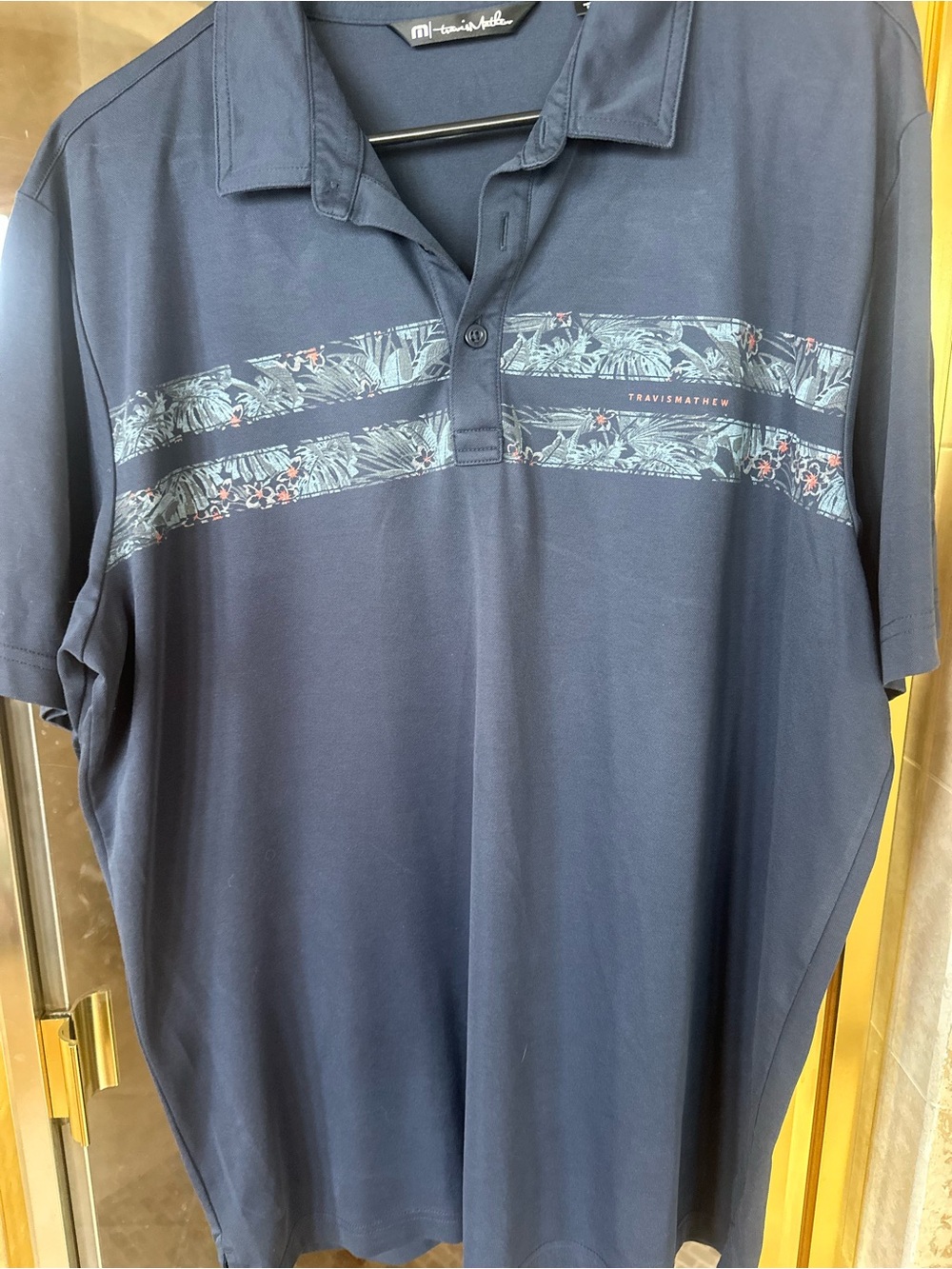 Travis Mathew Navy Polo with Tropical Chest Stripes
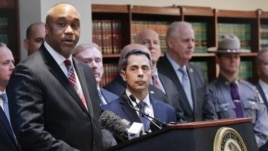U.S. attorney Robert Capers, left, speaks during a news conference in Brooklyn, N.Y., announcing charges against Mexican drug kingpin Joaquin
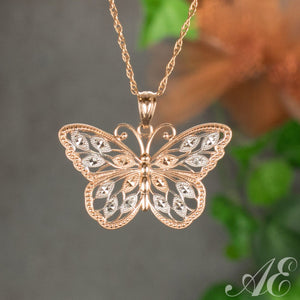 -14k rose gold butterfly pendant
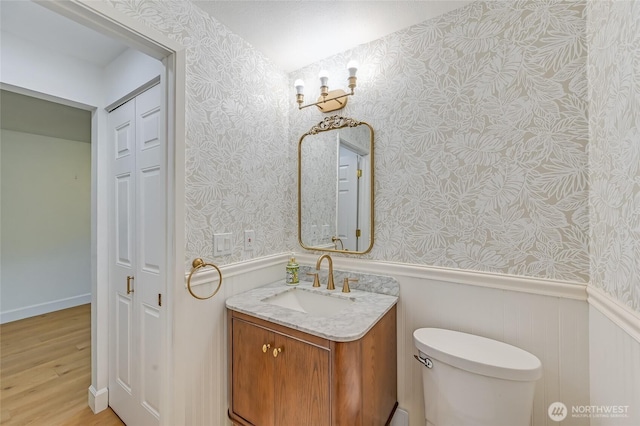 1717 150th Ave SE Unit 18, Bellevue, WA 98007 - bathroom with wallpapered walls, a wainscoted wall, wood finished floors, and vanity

□ □ □ □ □

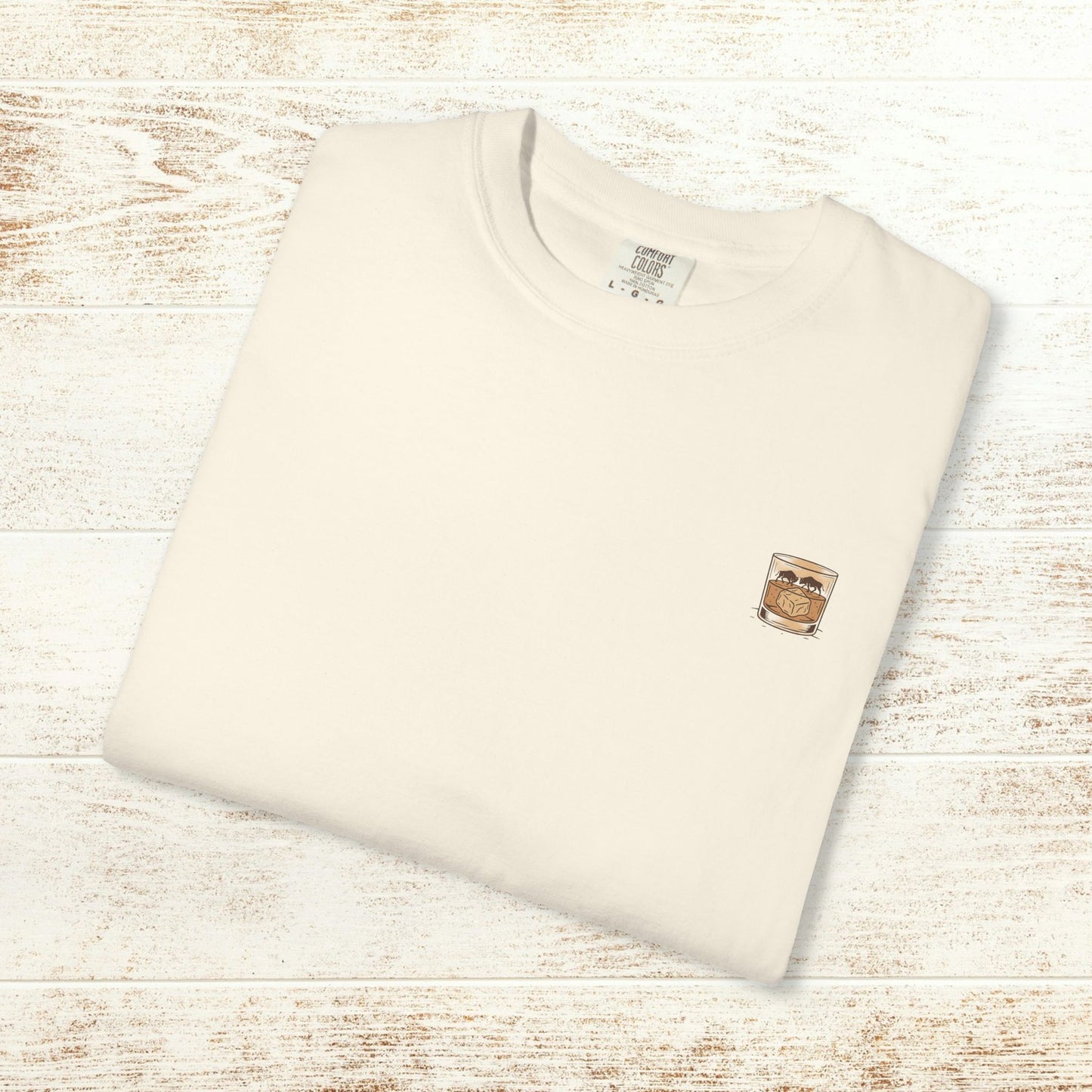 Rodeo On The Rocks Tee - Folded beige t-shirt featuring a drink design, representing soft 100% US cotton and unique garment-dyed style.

□ □ □ □ □

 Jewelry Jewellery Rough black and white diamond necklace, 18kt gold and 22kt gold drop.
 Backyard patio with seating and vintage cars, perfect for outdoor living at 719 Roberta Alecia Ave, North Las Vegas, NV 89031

□ □ □ □ □

> What the task asks
Reproduce the entries exactly, from the line with "Travis Mathew Navy" to the line with "1717 150th Ave", both lines included, keeping no pictures.

> Finished task
 Travis Mathew Navy Polo with Tropical Chest Stripes
U.S. attorney Robert Capers, left, speaks during a news conference in Brooklyn, N.Y., announcing charges against Mexican drug kingpin Joaquin
 -14k rose gold butterfly pendant
 1717 150th Ave SE Unit 18, Bellevue, WA 98007 - bathroom with wallpapered walls, a wainscoted wall, wood finished floors, and vanity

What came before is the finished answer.